[Image-caption web data]
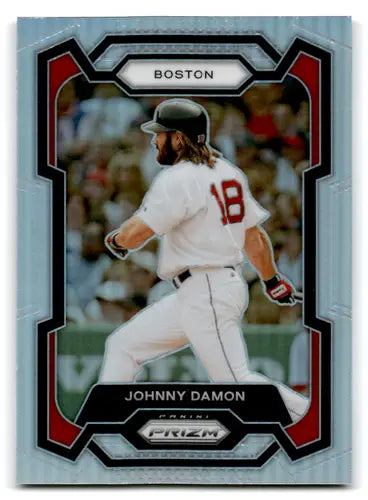 2024 Panini Prizm Prizms Silver #68 Johnny Damon NM-MT Red Sox ID:76499 - Baseball Card Single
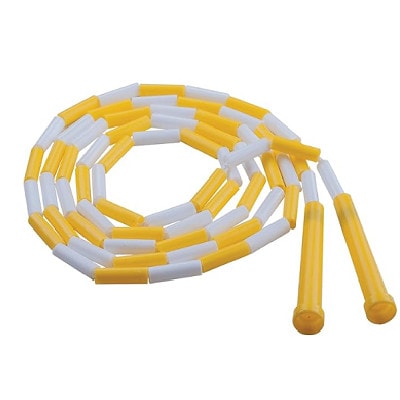Champion Sports Classic Plastic Segmented Beaded Jump Ropes
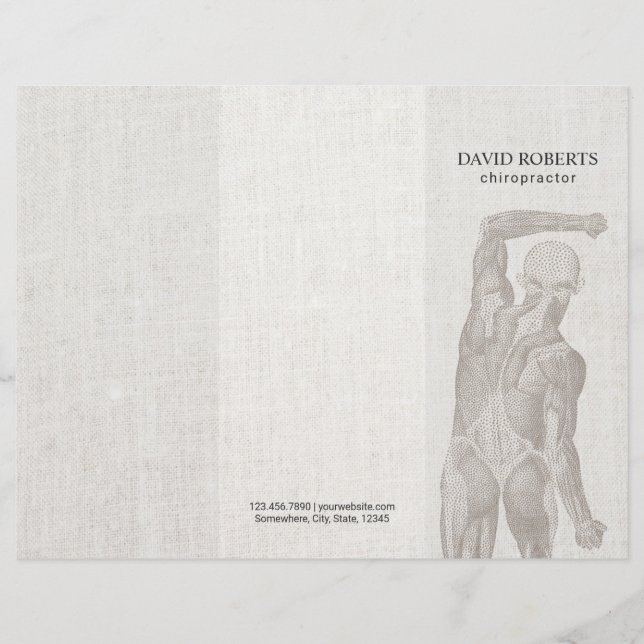 Chiropratique Chiropraticien Massage Thérapie Trip (Devant)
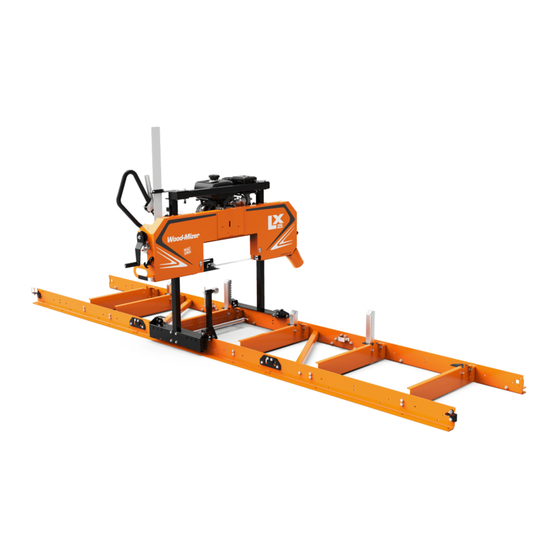 Wood-mizer LX25 Maintenance Manual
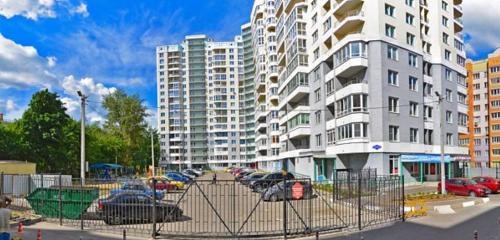 Панорама дома обл. Владимирская, г. Владимир, ул. Ставровская, д. 1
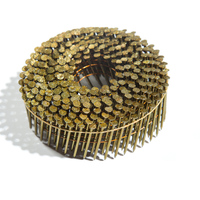 2''x.099 ''2 1/4 ''x.099'' FIL PALETTE CLOUS CLOUS CLAVOS HELICOIDALES PREGOS EM ROLOS DIAMOND clous en bobine galvanisés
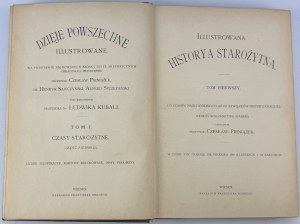 PIENIĄŻEK Czesław - Historia Powszechne ilustrowana - Wiedeń 1894-1905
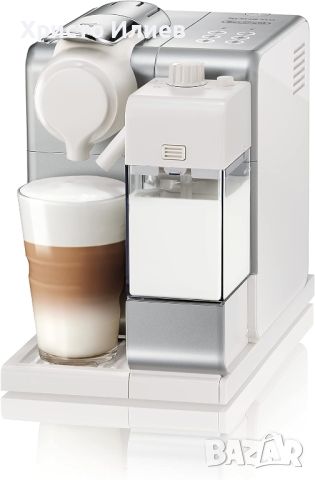 Кафемашина с капсули DeLonghi Nespresso Lattissima Touch EN560.S, снимка 1 - Кафемашини - 46277332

## Work task
Only the lines from the one containing "2''x.099 ''2 1/4" through the last line of the data belong in the copy, both included and reproduced exactly. Pictures do not.

## Task response
 2''x.099 ''2 1/4 ''x.099'' FIL PALETTE CLOUS CLOUS CLAVOS HELICOIDALES PREGOS EM ROLOS DIAMOND clous en bobine galvanisés
 PIENIĄŻEK Czesław - Historia Powszechne ilustrowana - Wiedeń 1894-1905
 Кафемашина с капсули DeLonghi Nespresso Lattissima Touch EN560.S, снимка 1 - Кафемашини - 46277332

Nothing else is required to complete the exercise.